Tuesday, 14 June 2011

Habits Part 2

Continuing on from yesterday's post about habits, is that the other thing about habits is that they need to change. I find that I need to be reevaluating and changing my habits regularly. As I grow and change, my habits need to change too. I can outgrow habits and they start to pinch like a coat that is too small. But the thing is that I don't always realize that is what is going on. And I have found out, the hard way, that my habits don't automatically change just because I do.

I have a few outgrown habits at the moment that I am finding difficult to change. I may have had very good reasons to form these habits, but the situation has changed yet the habits remain. Life long habits.

For me these habits have to do with how I relate to people. I was always a 'sensitive' or an empath. I am not sure if these are the same, but basically I am referring to feeling what other people are feeling. It can be quite uncomfortable, and confusing, as I can mistake other people's emotions for my own.
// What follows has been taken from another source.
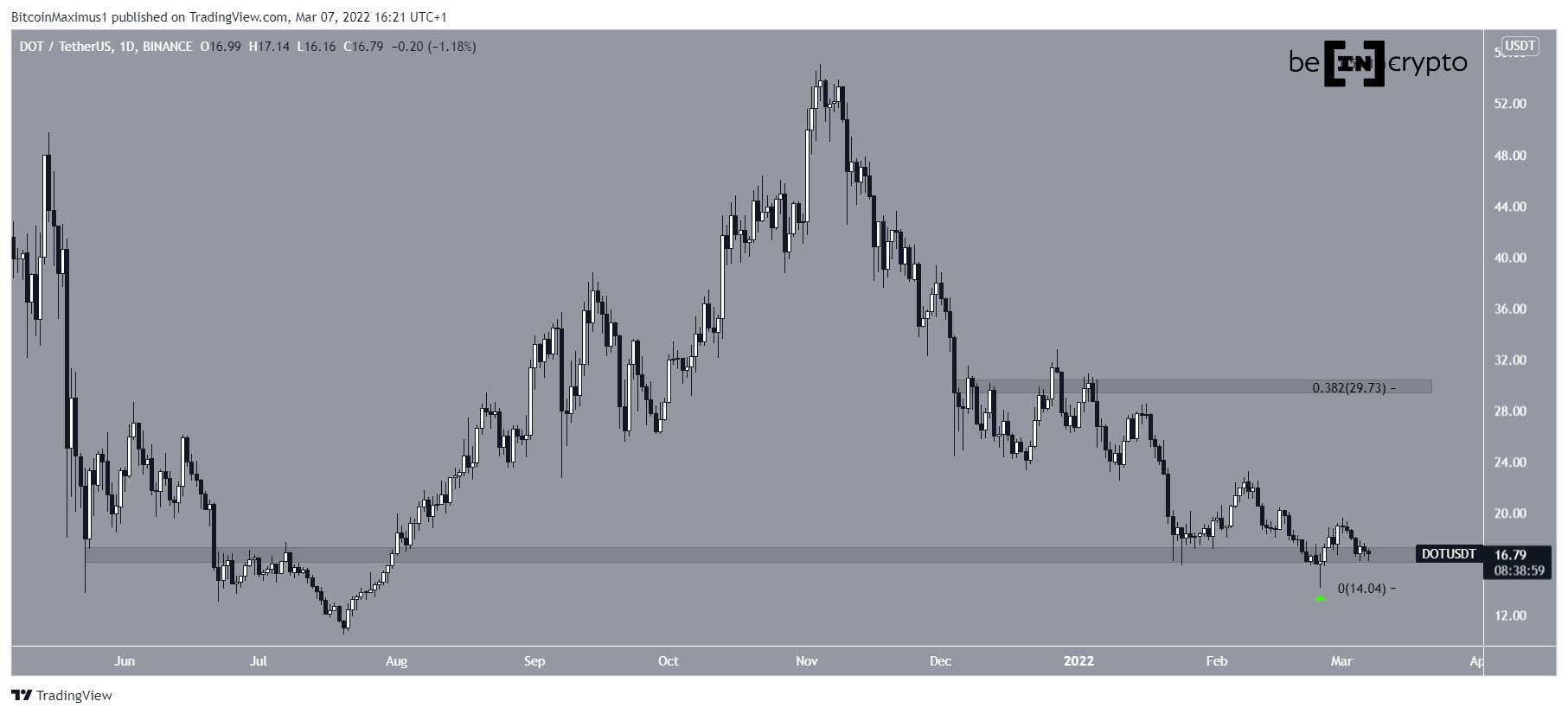 DOT Bounce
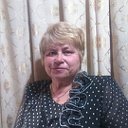 Валентина Абрамович (Колбаскина)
There is a town near where I live where there are a lot of unhappy people. I say this because every time I used to go there I would feel emotional pain. It took me years, literally years, to realise that this pain was not mine. I mean, you just assume what you are feeling is yours, don't you? Well I did.
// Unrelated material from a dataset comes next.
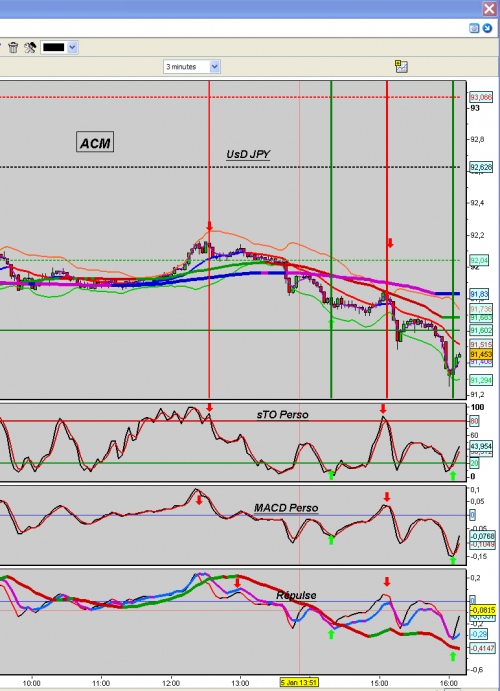 Forum BFM Bourse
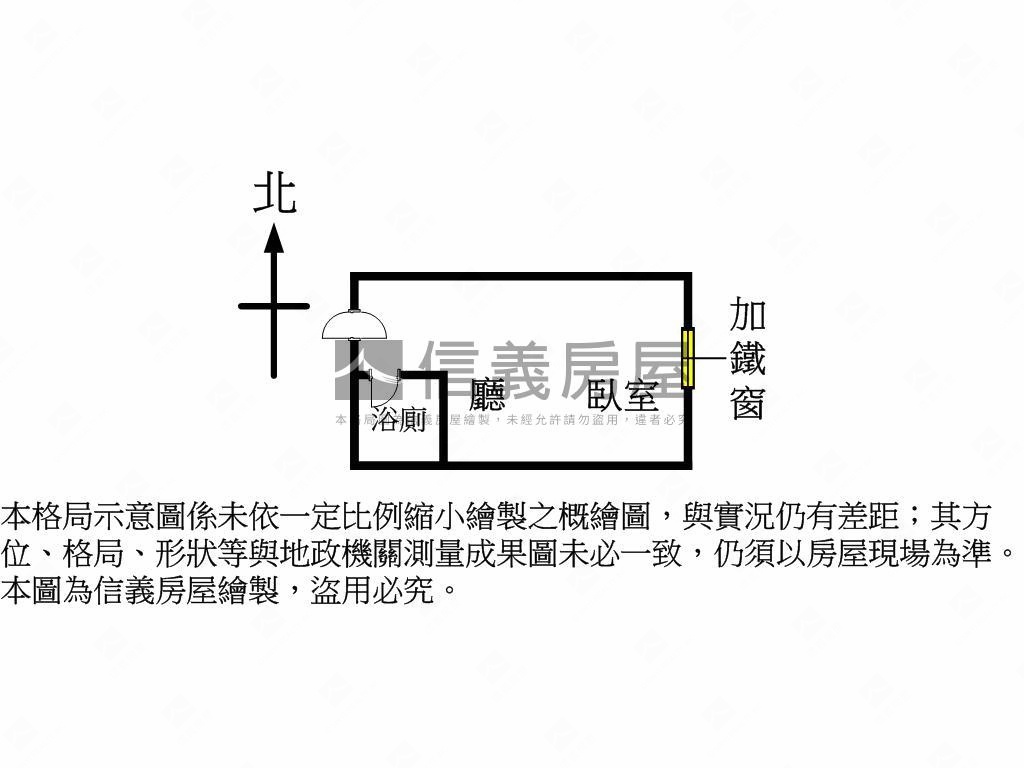 近公園優質自住置產美套房房屋室內格局與周邊環境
Then I heard a woman on the radio talking about empathy and ways of protecting yourself. I had tried things like surrounding myself in white light in the past but not had any success. When she said to wear a crystal I was doubtful but I thought "might as well give it a try". I was pretty desperate. I bought one and wore it under my shirt. From then on when I would go into this town I felt fine.

Anyway, you might be able to imagine the kinds of habits I picked up around being this way. Yup, avoiding people. And another one, trying to solve people's pain. Because when you are feeling it too there is a strong incentive to soothe their pain anyway possible.

Since I have been teaching I have noticed that spending time with others is not as tiring. That I still have energy afterwards. That I am not walking away feeling whatever everyone else is feeling. I think I am more grounded and have more stamina that I used to. I have changed.

But I have a lifelong habit of spending most of my time on my own. Now I can choose otherwise. But to be honest, it is challenging. It is a lifelong habit, in a way all that I know.

A dear friend of mine always reminds me: babysteps. Take babysteps. And I think that is the best way to change habits. Little changes that take you gradually in a very different direction.

11 comments:

Jodi Anderson said...

My, goodness, while reading your post today, I realized that we are kindred souls. I am an empath too. I'm also a very solitary person, other than my husband and adult daughter. Even with them, I need a lot of time alone.

I have never thought about it on the level of an entire town, but I believe that you are so right.

Baby steps, indeed.

lilasvb said...

baby step, yepa.

Connie said...

Thank you for this Zom. Thank you.

I too feel that I'm going through a very similar situation--and interestingly enough, I too have been introduced to wearing and using crystals as well. I've been reluctant--but through the past few times, I too have noticed a difference.

Thank you for sharing.

BIG Hugs,
Connie

nollyposh said...

Very good advice! Jeez you sure you're not my long-lost twin??? Lol!
The one technique (i still have to remind myself about as only last week i got off the phone with a suffering friend and was nearly physically ill!) is... to cut the energetic cords. The idea (that you probably already know) is that we energetically connect with each other and thus the emotional 'puddling' (i learn't this through watching one of my daughters constantly doing it, God luv her!) so in visualizing the 'cutting' of the energetic tie (looks like an umbilical cord in my mind) and then surrounding yourself in white light (or an egg or whatever suits your taste) you are then free to be emotionally available to your friend or whoever... i was dubious when i first tried it, but now swear by it and teach my kids!
(My word verification= "tuddle" Yep that's a good word for it! *wink*)... Yep still using baby steps with ma self!

Mary Helen-Art Saves Lives said...

You have guided my heart with these thoughtful insights. I have the need to to re-examine my habits in my open studio and how should I plan to keep my work progressing and still be available to reach children who are falling through the cracks due to lack of financial means and too many art programs being eliminated due to cut backs here. Blessings to you dear friend. Peace, Mary Helen Fernandez Stewart

Zom said...

You are such beautiful people. Thank you for your comments.

Sharmon Davidson said...

Zom, I think we may be twin daughters of different mothers. The empathy/ pain thing is totally familiar to me, as are the self-protective habits. Oh, geez, I just saw the comment above that says the same thing- she even says "jeez"! I guess we're triplets, then?
"Baby steps" is a good strategy- have you ever seen "What About Bob"? My word verification is "dishies". What do you reckon that means?

urbandon (Don Pezzano) said...

I think its about replacing old/bad habits for new/good habits. (Talking here from experience as an ex-chronic pot smoker)

faerian said...

i think there is a tribe of empaths out there! i agree with urbandon about replacing it with a new habit - i find checking in with myself is important - it stops me getting swept away with what really is other people's stuff!

eva said...

Is it a quartz crystal that you're using?

Zom said...

I was using a quartz crystal, I don't wear it very often anymore.